Your instructions: If a line below falls between the line with "Picture of GLORY & GRACE" and the line with "Mitsubishi Puerto Rico", or is one of those two, output it exactly; output nothing else and no pictures.

Data section:
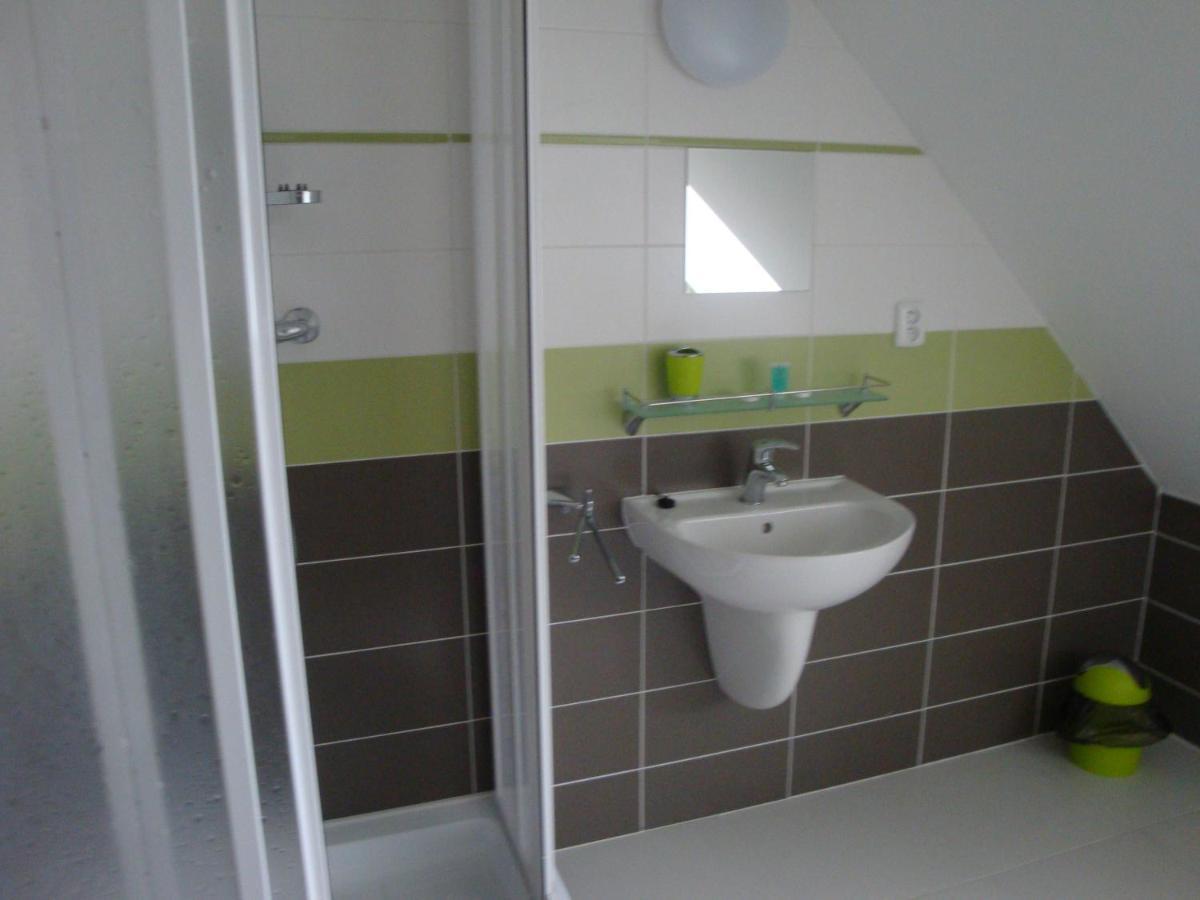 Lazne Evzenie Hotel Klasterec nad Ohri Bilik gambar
==
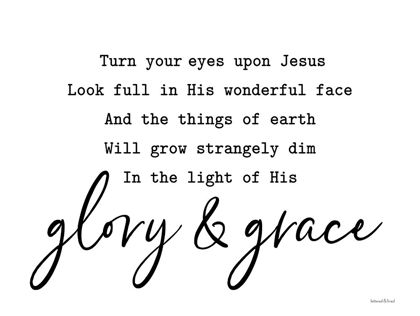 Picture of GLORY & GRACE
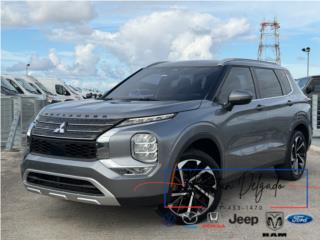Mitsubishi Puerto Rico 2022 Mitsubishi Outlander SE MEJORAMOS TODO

Task response:
 Picture of GLORY & GRACE
Mitsubishi Puerto Rico 2022 Mitsubishi Outlander SE MEJORAMOS TODO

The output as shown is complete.